* **Activity**
Omit every picture and return the rest of the data unaltered.

* **Stored data**
- Opening Delimiter -

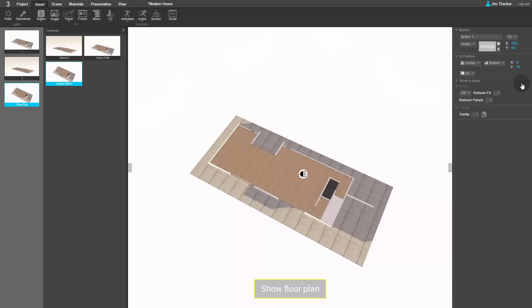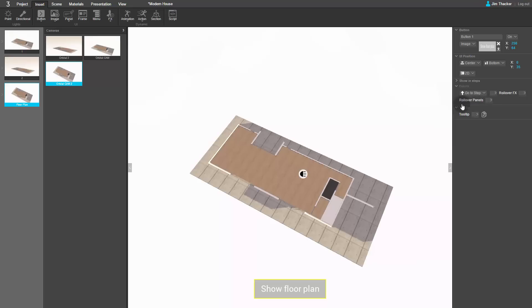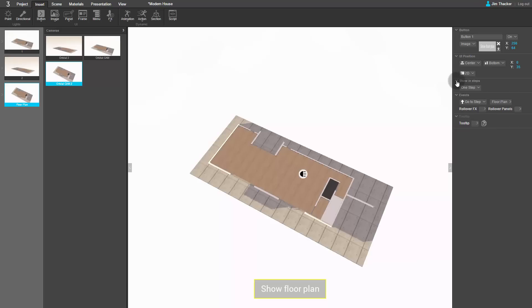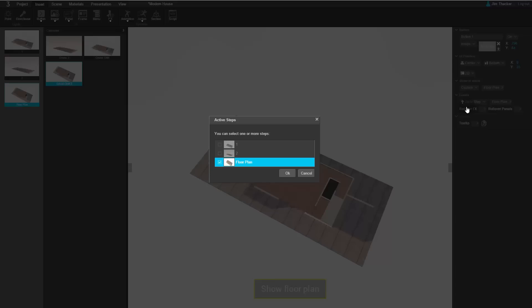We want the button to display the floor plan step of the presentation when the viewer clicks on it, so go to the Events dropdown and select Go to Step. From the new dropdown to its right, select Floor Plan. We want to hide the button once the floor plan is on display, so from the Show in Steps dropdown, choose Custom. Uncheck Floor Plan and select Steps 1 and 2 instead.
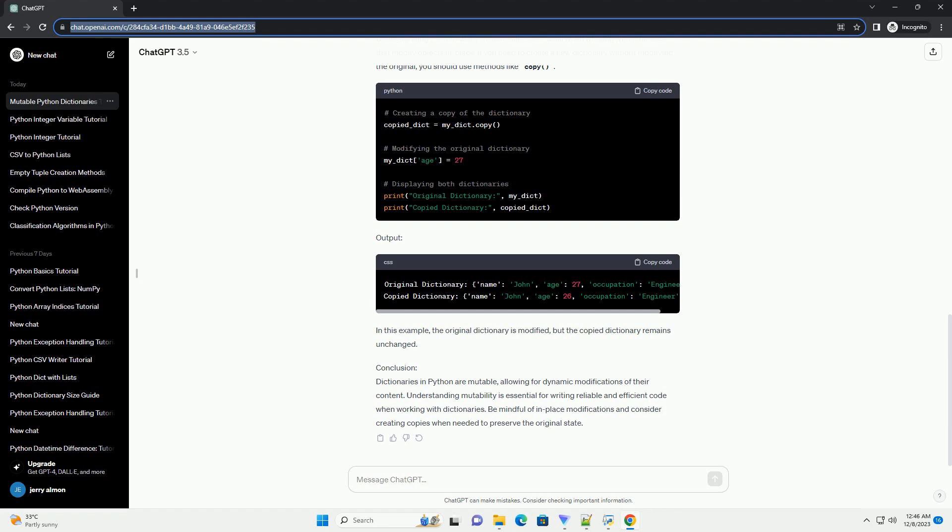Understanding the mutability of dictionaries is crucial when working with functions that modify objects in place. If you need to create a new dictionary without modifying the original, you should use methods like copy.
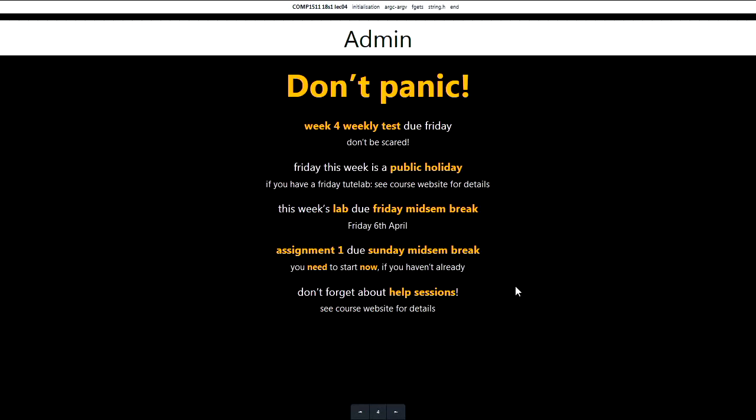Aside from that rather possibly terrifying introduction, please don't panic. Everything is completely under control. One thing to remember though: coming up this Friday and into next week, we have a public holiday. So if you have a tut lab on Friday, there are makeup labs and tutes which are actually probably on now - that would explain maybe some of those empty seats.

- Closing Delimiter -

* **Solution to this problem**
We want the button to display the floor plan step of the presentation when the viewer clicks on it, so go to the Events dropdown and select Go to Step. From the new dropdown to its right, select Floor Plan. We want to hide the button once the floor plan is on display, so from the Show in Steps dropdown, choose Custom. Uncheck Floor Plan and select Steps 1 and 2 instead.
Understanding the mutability of dictionaries is crucial when working with functions that modify objects in place. If you need to create a new dictionary without modifying the original, you should use methods like copy.
Aside from that rather possibly terrifying introduction, please don't panic. Everything is completely under control. One thing to remember though: coming up this Friday and into next week, we have a public holiday. So if you have a tut lab on Friday, there are makeup labs and tutes which are actually probably on now - that would explain maybe some of those empty seats.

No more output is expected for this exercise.